Sudden stratospheric warming (SSW) is an extraordinary event in winter polar stratosphere, characterized by a rapid rise of temperatures and weakening of the stratospheric polar vortex (SPV). SSW is largely induced by vertically propagating planetary waves of tropospheric origin and can, in turn, results in negative phase of Arctic oscillation in the troposphere and therefore severe surface cold surges in mid- and high-latitude regions. The longer timescale of stratospheric variability than that in troposphere makes SSW a promising predictor for surface weather and climate.

During SSW, the SPV can be either displaced from the pole or split into two pieces, i.e., displaced and split type. Different types of SPVs are revealed to be responsible for varied tropospheric impacts. Notably, ~1/3 of SSWs have ambiguous classifications across different methods because the vortex sometimes displaces and then splits within a relatively short-time period. Tropospheric influences of these mixed-type SSWs may be more complex. Their consecutive impacts and early precursors in the troposphere still remain unclear, which largely motivated our current study.

Using 42-yr ERA5 analysis data from December to March during 1979–2020, we first identified weak SPV days based on the anomalous 10-hPa geopotential, and defined an SSW event as with at least 5 consecutive weak SPV days. 29 SSW events were eventually derived with a frequency of ~0.7 event per year. These SSW events were then classified into different types using the k-means clustering method. 11 out of 29 SSW events were found to be mixed-type with a routine transformation from displacement to split. The mixed-type events are featured by longer mean duration (22 days) and stronger negative North Atlantic oscillation downward into the troposphere than both displaced and split type events, which is conducive to the prominent cold surges over high-latitude Asia and mid-latitude North America.

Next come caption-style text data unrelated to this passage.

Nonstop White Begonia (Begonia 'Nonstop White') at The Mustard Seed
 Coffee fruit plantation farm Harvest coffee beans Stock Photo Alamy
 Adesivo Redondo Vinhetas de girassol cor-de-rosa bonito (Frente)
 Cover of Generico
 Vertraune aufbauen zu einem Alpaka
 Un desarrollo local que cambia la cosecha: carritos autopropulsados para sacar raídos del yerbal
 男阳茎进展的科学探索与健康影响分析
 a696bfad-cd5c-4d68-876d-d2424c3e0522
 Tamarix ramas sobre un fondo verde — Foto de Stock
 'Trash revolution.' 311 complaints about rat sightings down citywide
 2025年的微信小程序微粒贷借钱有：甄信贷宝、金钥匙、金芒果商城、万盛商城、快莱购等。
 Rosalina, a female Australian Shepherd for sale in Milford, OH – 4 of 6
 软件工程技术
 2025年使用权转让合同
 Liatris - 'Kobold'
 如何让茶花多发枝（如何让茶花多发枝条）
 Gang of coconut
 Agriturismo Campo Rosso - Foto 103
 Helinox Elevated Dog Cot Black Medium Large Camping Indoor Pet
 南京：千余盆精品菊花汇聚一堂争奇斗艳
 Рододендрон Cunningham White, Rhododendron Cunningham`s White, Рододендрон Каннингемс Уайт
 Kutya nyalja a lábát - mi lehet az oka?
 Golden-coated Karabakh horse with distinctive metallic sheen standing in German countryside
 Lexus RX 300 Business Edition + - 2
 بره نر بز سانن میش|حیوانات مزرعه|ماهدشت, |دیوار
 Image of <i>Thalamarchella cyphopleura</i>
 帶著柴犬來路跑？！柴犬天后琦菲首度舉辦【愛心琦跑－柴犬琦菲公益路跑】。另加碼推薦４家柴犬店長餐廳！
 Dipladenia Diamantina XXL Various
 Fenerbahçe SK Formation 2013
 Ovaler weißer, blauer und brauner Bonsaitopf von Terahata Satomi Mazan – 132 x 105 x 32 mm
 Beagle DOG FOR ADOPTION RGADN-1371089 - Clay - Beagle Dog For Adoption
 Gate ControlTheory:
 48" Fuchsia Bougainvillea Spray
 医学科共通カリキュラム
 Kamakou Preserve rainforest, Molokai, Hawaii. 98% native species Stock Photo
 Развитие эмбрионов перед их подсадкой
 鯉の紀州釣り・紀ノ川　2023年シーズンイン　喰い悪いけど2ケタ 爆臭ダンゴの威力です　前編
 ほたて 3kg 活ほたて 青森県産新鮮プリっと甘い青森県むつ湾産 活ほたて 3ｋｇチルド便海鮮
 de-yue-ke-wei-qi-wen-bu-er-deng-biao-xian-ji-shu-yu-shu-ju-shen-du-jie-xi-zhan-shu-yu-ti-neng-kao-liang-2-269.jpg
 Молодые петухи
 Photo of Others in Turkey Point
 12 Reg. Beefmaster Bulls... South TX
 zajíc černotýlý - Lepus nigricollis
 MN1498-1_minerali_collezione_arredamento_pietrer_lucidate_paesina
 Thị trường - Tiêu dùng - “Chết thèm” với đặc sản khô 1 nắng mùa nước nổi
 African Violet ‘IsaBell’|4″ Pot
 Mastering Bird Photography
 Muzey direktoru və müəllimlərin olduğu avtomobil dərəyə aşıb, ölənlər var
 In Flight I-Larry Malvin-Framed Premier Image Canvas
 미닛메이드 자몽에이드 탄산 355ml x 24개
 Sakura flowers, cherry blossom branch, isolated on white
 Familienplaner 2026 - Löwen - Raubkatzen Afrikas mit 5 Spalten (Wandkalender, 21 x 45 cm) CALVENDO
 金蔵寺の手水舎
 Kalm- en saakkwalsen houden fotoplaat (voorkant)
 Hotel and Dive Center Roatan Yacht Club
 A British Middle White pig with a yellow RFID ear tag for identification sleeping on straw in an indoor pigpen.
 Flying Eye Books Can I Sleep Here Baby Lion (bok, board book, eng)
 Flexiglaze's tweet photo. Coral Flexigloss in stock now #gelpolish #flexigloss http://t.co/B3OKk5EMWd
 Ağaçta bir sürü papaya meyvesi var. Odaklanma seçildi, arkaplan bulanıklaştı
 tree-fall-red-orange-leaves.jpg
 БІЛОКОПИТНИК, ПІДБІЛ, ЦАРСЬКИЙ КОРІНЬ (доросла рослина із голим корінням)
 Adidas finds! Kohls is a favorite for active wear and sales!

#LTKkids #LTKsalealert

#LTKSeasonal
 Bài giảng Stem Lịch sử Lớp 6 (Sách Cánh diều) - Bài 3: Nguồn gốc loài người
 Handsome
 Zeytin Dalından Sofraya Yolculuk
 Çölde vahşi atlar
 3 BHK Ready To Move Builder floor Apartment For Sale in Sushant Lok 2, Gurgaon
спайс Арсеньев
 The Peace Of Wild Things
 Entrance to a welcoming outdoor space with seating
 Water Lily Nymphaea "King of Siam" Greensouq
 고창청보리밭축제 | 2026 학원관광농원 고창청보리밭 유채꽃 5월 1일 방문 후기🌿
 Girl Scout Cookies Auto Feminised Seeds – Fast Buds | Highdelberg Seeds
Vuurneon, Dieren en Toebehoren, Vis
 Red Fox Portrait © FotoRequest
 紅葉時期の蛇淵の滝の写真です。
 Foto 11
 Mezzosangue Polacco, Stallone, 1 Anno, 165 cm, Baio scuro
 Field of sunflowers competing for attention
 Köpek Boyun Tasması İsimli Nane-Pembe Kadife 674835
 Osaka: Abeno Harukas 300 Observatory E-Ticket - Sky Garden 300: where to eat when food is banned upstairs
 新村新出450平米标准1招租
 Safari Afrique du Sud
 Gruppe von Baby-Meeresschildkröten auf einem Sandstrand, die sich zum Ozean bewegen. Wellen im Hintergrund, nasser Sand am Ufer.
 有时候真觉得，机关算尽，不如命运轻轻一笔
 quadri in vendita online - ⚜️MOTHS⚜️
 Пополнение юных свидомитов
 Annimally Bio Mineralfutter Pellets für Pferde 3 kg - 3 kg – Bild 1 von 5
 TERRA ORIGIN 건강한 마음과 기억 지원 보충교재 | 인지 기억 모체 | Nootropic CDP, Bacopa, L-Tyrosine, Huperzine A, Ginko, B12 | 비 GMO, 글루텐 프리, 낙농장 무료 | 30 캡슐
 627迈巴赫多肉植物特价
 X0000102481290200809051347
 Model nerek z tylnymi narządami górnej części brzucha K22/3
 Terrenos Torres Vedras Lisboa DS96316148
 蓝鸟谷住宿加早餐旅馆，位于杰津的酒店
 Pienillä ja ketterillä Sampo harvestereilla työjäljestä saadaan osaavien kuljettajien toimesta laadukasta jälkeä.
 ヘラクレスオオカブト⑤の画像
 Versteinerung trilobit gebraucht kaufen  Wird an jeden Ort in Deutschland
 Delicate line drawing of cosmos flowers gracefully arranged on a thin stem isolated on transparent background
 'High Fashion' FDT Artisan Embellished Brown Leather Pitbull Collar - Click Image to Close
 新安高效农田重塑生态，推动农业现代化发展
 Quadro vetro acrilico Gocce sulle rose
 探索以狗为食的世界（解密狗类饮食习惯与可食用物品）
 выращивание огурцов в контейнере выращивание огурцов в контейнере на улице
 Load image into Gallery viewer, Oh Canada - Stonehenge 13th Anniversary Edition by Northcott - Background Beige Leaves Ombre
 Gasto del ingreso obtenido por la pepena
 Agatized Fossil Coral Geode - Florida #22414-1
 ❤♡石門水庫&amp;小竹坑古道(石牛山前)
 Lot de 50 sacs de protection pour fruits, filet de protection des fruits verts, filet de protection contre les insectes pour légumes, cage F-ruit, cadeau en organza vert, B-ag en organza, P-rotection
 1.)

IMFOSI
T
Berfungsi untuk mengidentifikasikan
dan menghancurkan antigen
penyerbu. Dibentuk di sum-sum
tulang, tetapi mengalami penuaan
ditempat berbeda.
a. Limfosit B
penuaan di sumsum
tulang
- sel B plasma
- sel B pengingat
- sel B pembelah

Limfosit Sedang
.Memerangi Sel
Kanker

Tropospheric precursors in different types of SSW events were further elucidated by planetary wave decomposition. Before the onset of SSW, the mid-level low (high) pressure anomaly over Alaska associated with North America warming (cooling) can effectively enhance the upward propagation of wave 1 (2), which contributes to the following formation of displaced (split) SPV. Notably, once the vortex is displaced, the mid-level Ural anomaly becomes a major discriminator for subsequent morphology of SPV. The Ural anomalous high can significantly enhance the upward propagation of wave 2, which helps convert displaced vortex into split one and therefore facilitates the formation of mixed-type SSW events.